Donors have flocked to support Tanzania’s pastoralist land rights movement. However, well-intentioned desires to promote democracy, indigenous rights, participatory development and community conservation have had perverse consequences. Leaders of pastoral non-governmental organisations (NGOs) have become less and less accountable to their communities. The pastoralist movement has lost momentum as its energies have been diverted into activities to please donors.
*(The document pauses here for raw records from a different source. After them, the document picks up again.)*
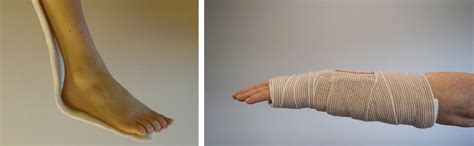 Cuidado de yesos y férula (Care of Casts and Splints) - OrthoInfo - AAOS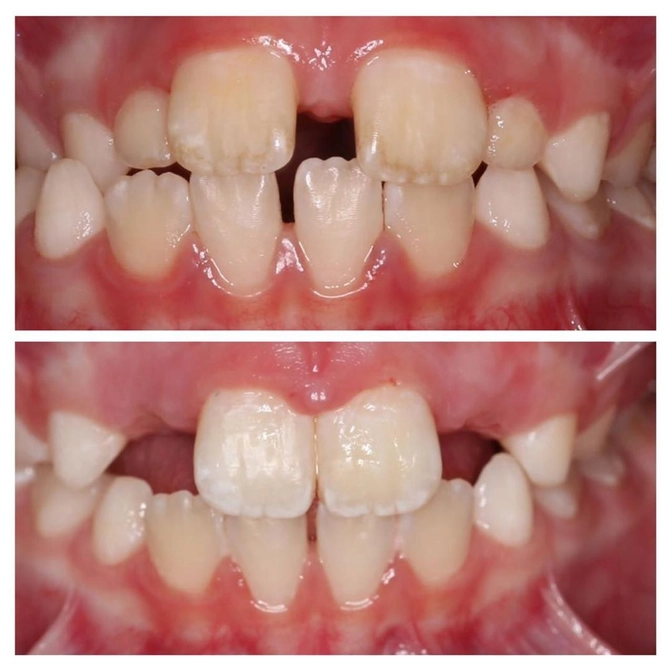 Ортодонтическое лечение у подростка 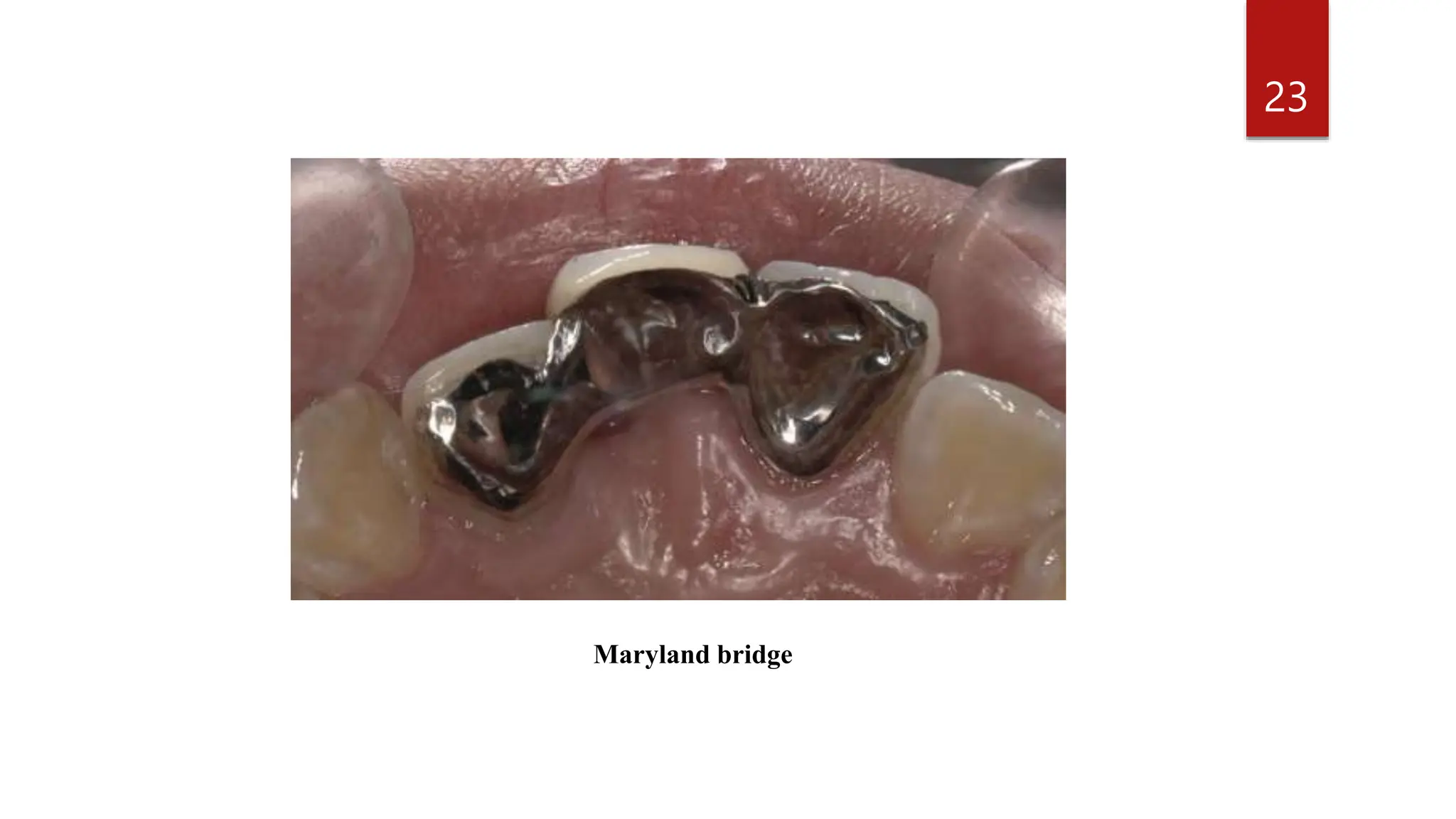 Resin bonded fixed partial denture. (RBFPD'S) | PPTX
Research from the University of Colorado at Denver argues that donors overlook the impacts of their assistance on the formation of civil society in pastoralist communities. Lessons need to be learned as to why Tanzania’s pastoral movement has been transformed into groups of apolitical institutions geared toward the process of donor funding cycles.

Whilst Tanzania’s economic liberalisation meant a rise in foreign purchase of land which displaced entire communities of pastoralists, a simultaneous political liberalisation made it possible to register NGOs to mobilise people against the detrimental effects of economic liberalisation. Maasai leaders of the new NGOs worked hard at the grass­roots level to design and implement programmes to address long­standing problems of food insecurity, lack of medical services and gender oppression. With support from pastoral communities and donors, they began court battles to contest the legality of land seizures. For a while, hopes were high that the Tanzanian authorities would finally respect community land rights.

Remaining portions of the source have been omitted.